You know, it’s not hard to grasp how most negative recruiting gets presented. It’s not too tough to figure out how to go after Mark Richt’s hot seat (although I guess SOD owns that now). I get how to throw the sins of roster management in Nick Saban’s direction. Explaining how Paul Johnson’s offense would be the death of any high school quarterback’s NFL dreams would be a breeze.
But here’s one I have a hard time trying to figure out.
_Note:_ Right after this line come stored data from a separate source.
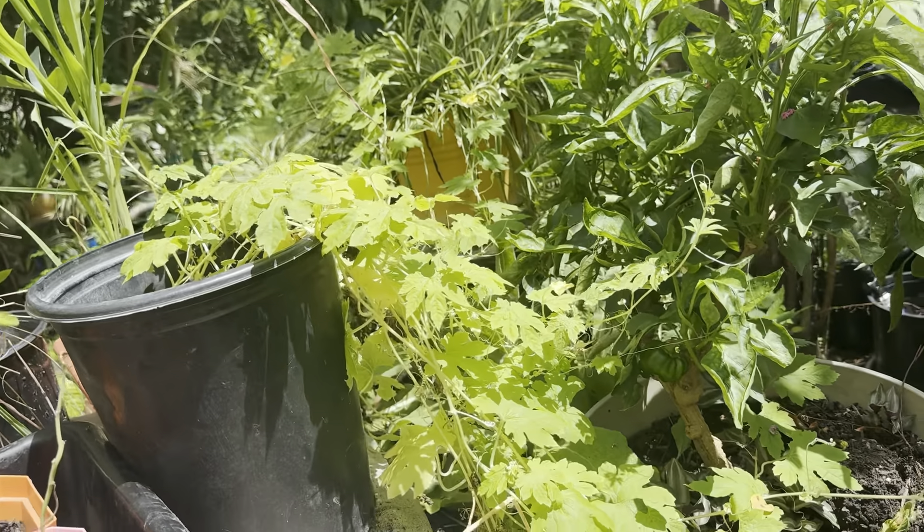Sorry, guys. So today is the time for a garden tour because I don't know if the sky is going to open up or not. And I have a lot to show you anyway. So let's get to it, all right?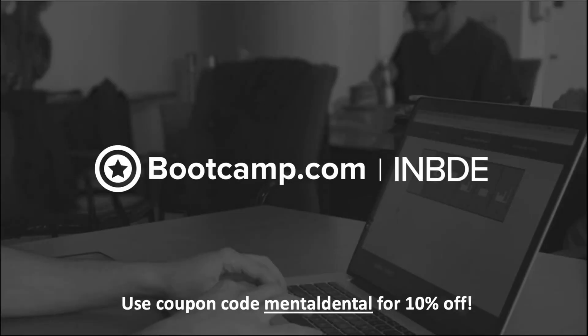This video is sponsored by bootcamp.com. Check it out for INBDEPREP and use coupon code MENTALDENTAL for 10% off.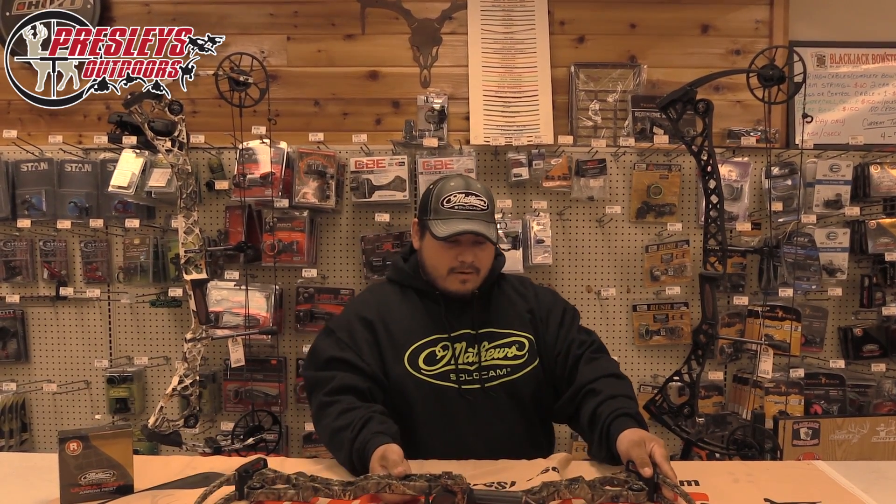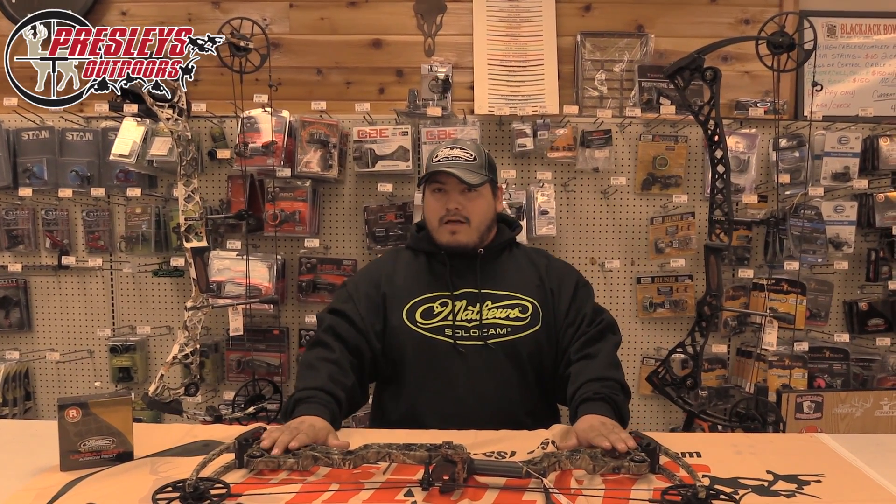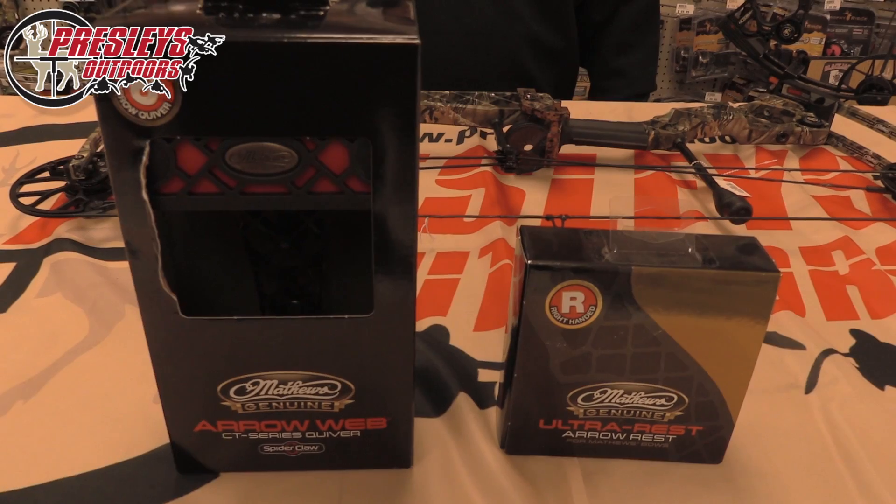We have three different color camos in stock right now: the black, the snow camo, and the regular lost camo. We also have some lefties in, so don't be afraid to come in if you are left-handed.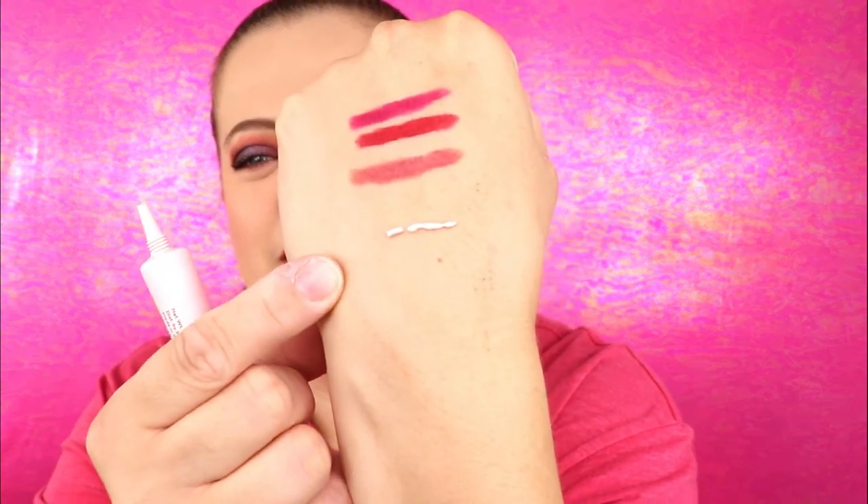The next item is from Elizabeth Mott — this is the Thank Me Later Eyeshadow Primer. I love testing out new eyeshadow primers. Two of my favorites are the Urban Decay Primer Potion, especially the anti-aging one, and the Sigma Eye Primer. I also want to try the one from Gerard Cosmetics — I've heard really good things. This primer is a little sticky, which I don't know if that's good or bad. I'll give it a try and see if I like it.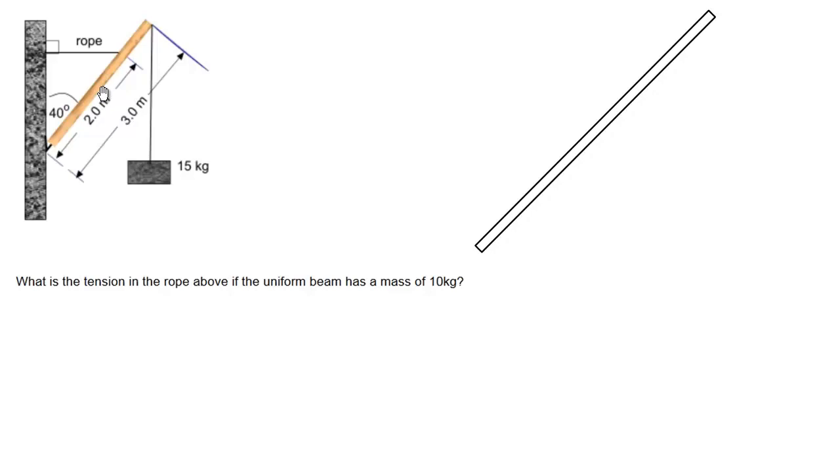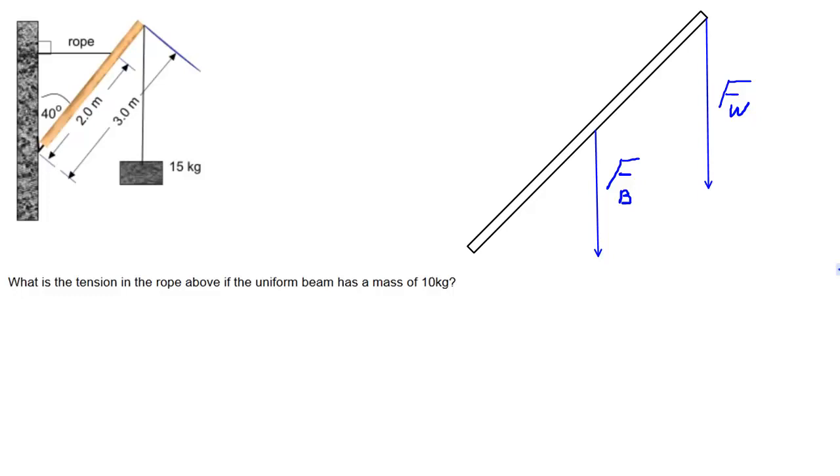So I'm going to simplify the diagram and label just the forces acting on the beam. Let's start with the force acting at the end of the beam, which is produced by this weight, and we'll call that Fw. The next force is the weight of the beam itself — we'll call that Fb, and we know it acts right at the dead center of the beam. The last obvious force is the tension force on the rope, which we know acts horizontally at the two meter mark.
… What we have seen in the past year is the power players now have that comes from the pressure put upon schools and coaches who block transfer options. Thanks to the Twitterverse, it didn’t take all that long for PR messes to entangle Maryland’s Randy Edsall, Tennessee’s Derek Dooley or Wisconsin basketball coach Bo Ryan, and eventually, after being called out, each school backed off and allowed their former players more options.
Coaches are realizing or at least they should how thorny these situations can become. You can bet other coaches are using these situations against them in recruiting too.
Now I don’t doubt that other coaches want to throw this kind of stuff out there on the recruiting trail. But exactly how do they go about doing it? I mean, I don’t think a coach wants to look a recruit in the eye and say “if it doesn’t work out with us, rest assured we won’t behave like Coach X”. Who wants to admit to the possibility of an unhappy ending? And barring some issue like family health, what recruit is going to say to a coach that if he comes, it’ll be with the intent to keep one foot out the door?
Any ideas on how this gets pitched? Or, does a coach settle for a simple “Yeah, Randy Edsall is a dick” and hope the recruit and his family can fill in the blanks?